There are three criteria on the issue of hazardous chemicals:
1. Detox 2020 plan - a system for eliminating hazardous chemicals that is proactive and precautionary
2. PFC elimination - substituting hazardous PFCs with safer alternatives
3. Transparency - disclosing information on suppliers and the hazardous chemicals they discharge.
The Avante Gardes
According to Greenpeace, Inditex's approach to transparency is exemplary: it has ensured that its suppliers publish their data on the discharge of hazardous chemicals in wastewater; it has published a list of its wet process suppliers; investigated the presence of hazardous chemicals across its supply chain including an analysis of trends across regions; and has a root causes programme to determine the source of hazardous chemicals when they occur.

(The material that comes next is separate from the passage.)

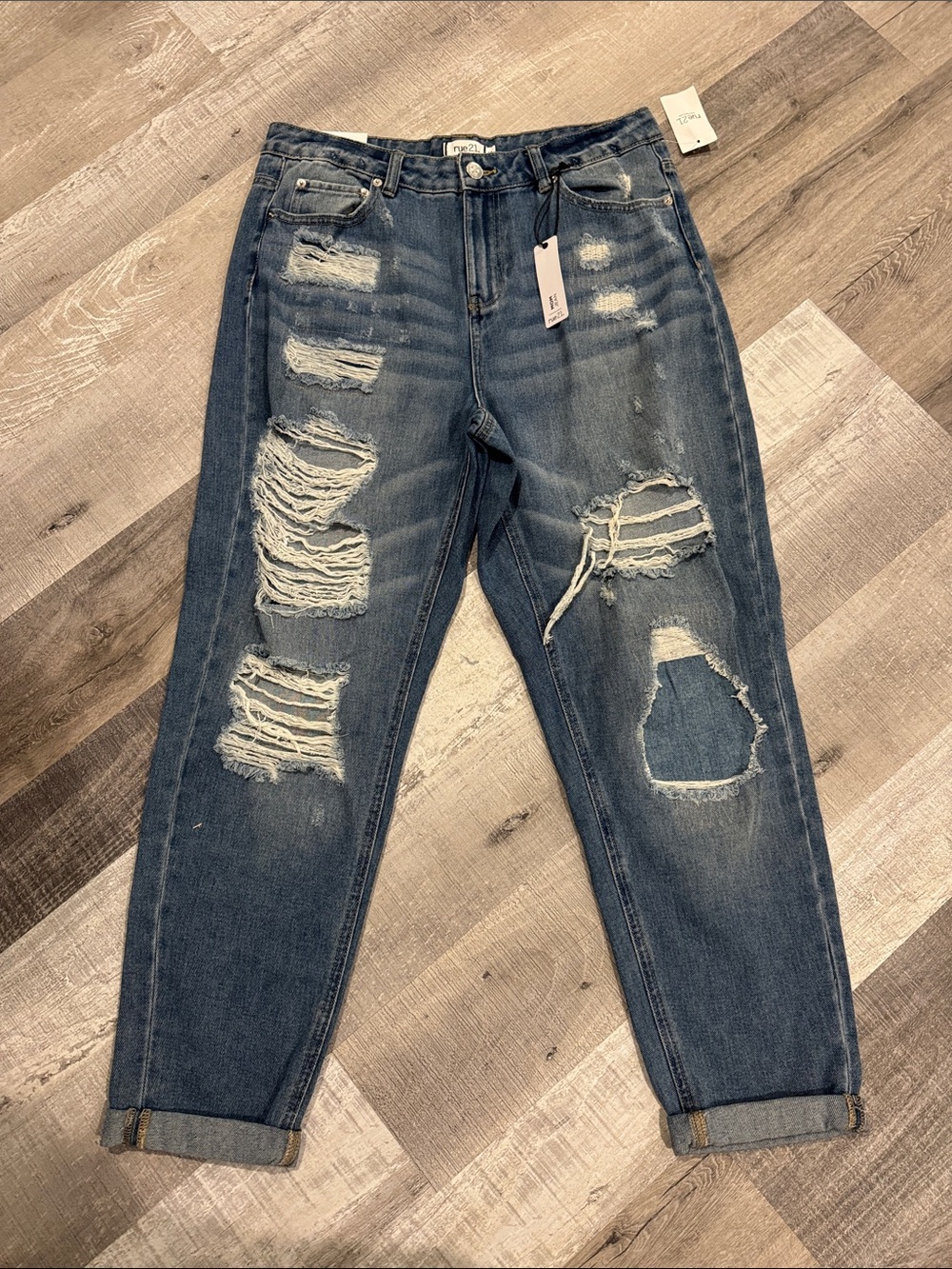 NWT Rue21 Distressed High Rise Boyfriend Jeans - Dark Blue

Inditex has a comprehensive and well explained Detox 2020 plan that embeds a "clean factory approach" for the elimination and phase-out of its extensive 'list' of hazardous chemical groups, including their regular monitoring in wastewater before treatment.
Inditex uses its leverage with its wet processing supply chain as well as engaging with chemical suppliers, ranking factories and chemical products on performance. It has delivered on its commitment on PFC elimination within its timeline which is documented in case studies.
Benetton delivers on its commitment to eliminate PFCs, and has published its investigation into its products and supply chain processes.
The company ensures that alternatives are tested against hazard criteria. Benetton continues to make good progress towards its' longer term goal on transparency and provides information on its monitoring of wastewater discharges, publishing full details of the suppliers that were tested.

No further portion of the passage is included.